• [Problem] Since the copy must hold text only, transcribe the data below exactly and omit the images.

• [Stored data]
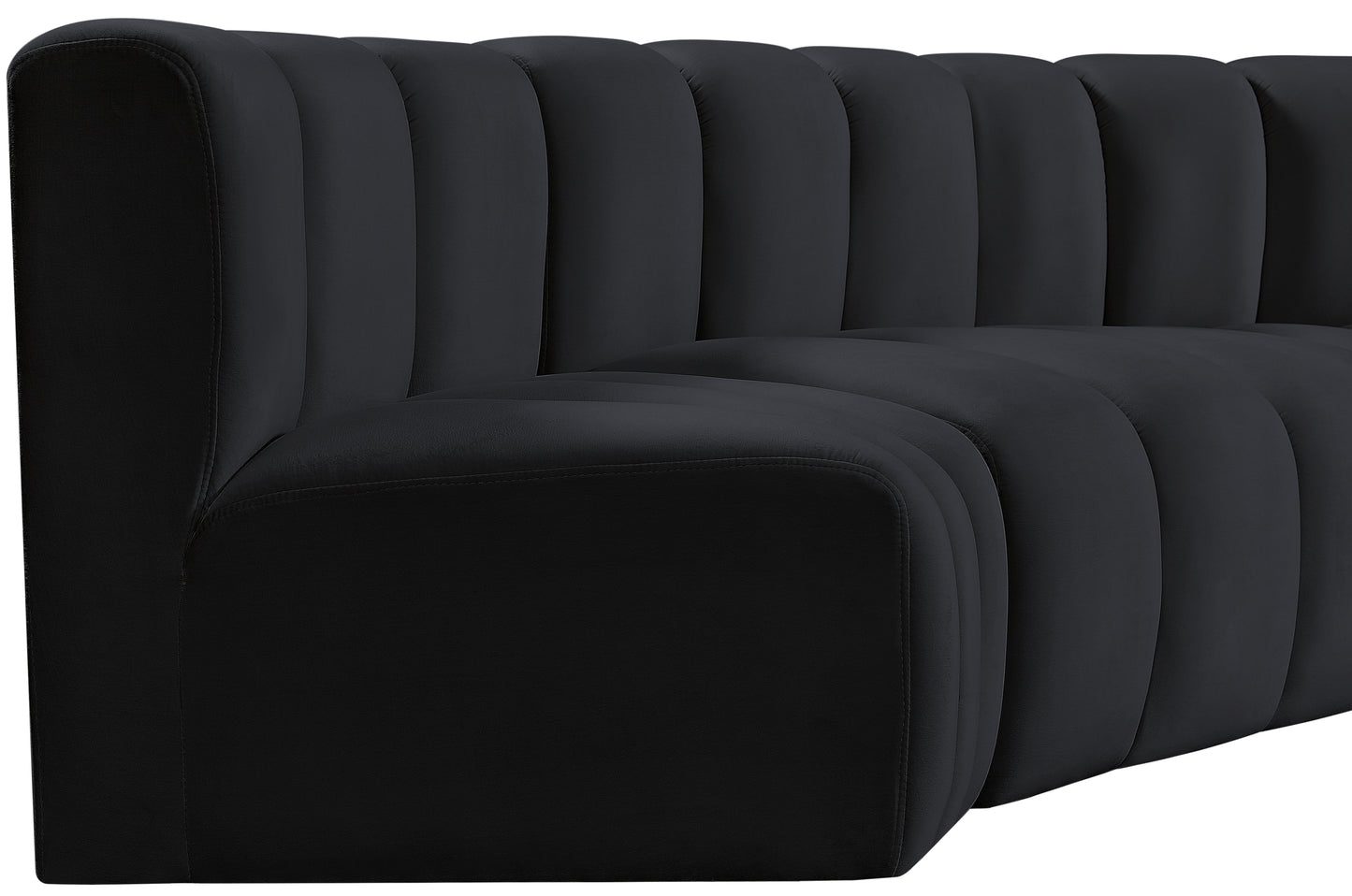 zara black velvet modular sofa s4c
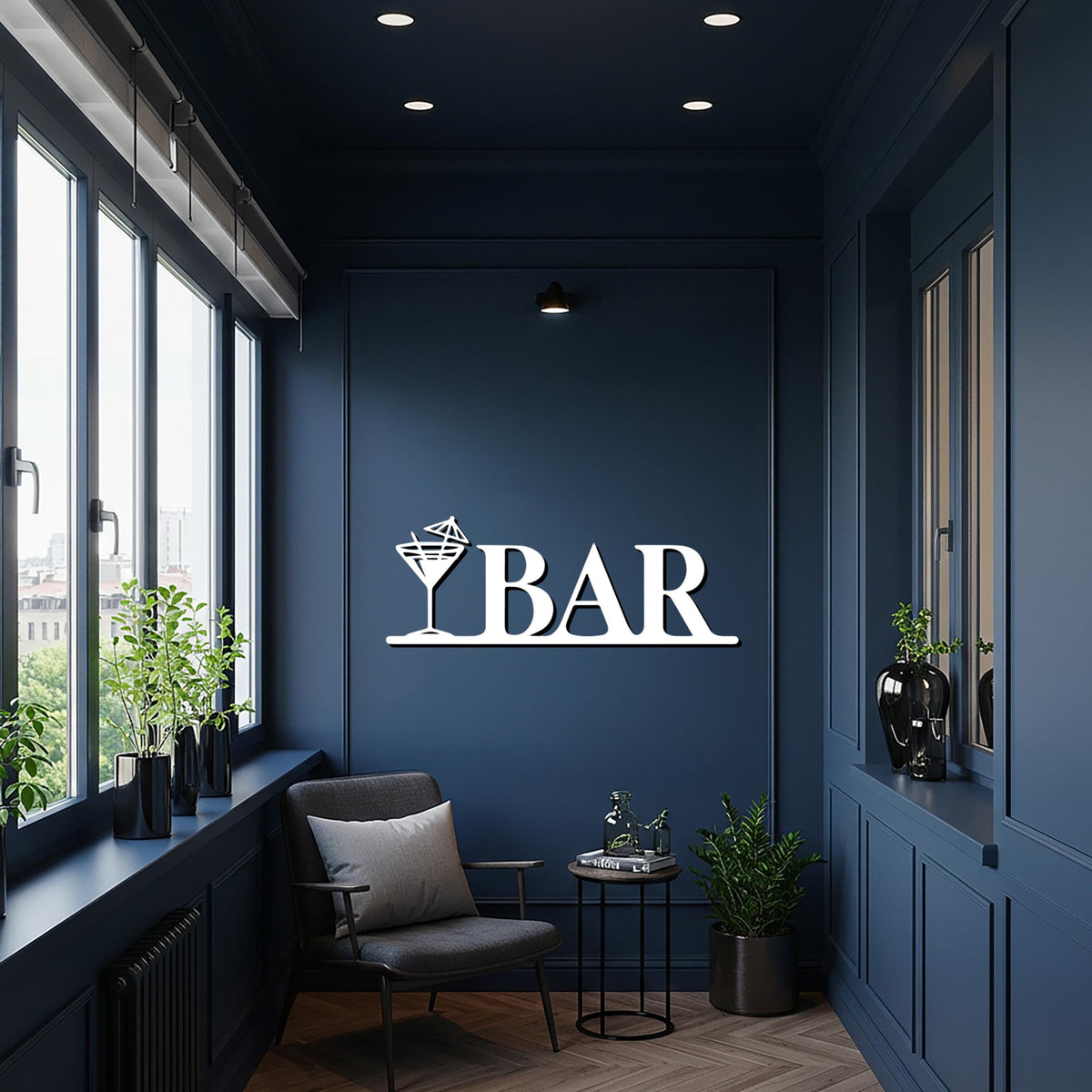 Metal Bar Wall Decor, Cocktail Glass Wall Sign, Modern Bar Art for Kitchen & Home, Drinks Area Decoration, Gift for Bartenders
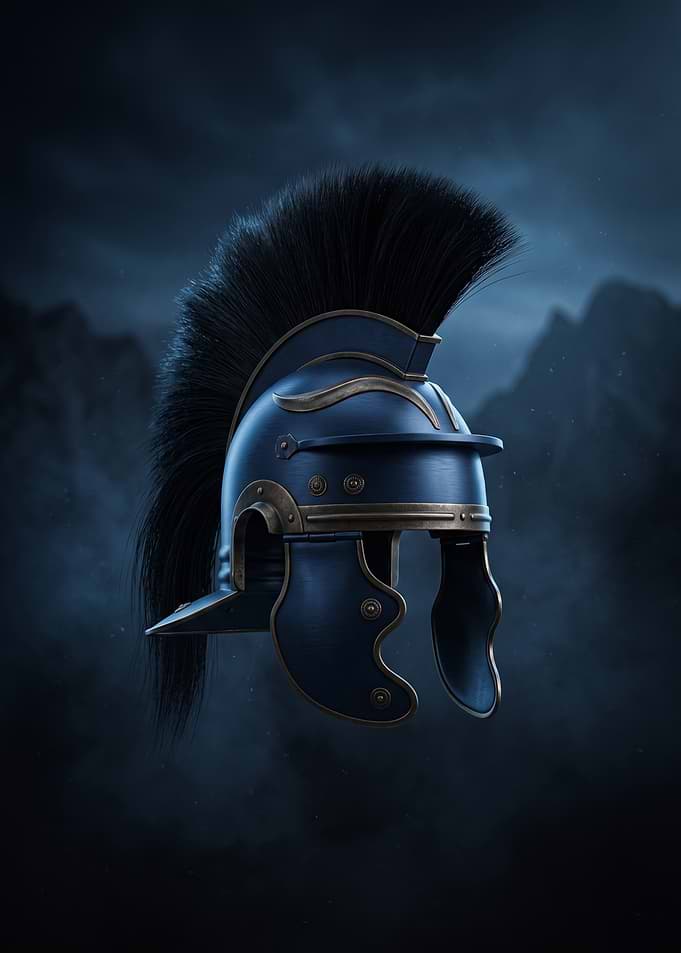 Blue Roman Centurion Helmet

• [Your solution]
 zara black velvet modular sofa s4c
 Metal Bar Wall Decor, Cocktail Glass Wall Sign, Modern Bar Art for Kitchen & Home, Drinks Area Decoration, Gift for Bartenders
 Blue Roman Centurion Helmet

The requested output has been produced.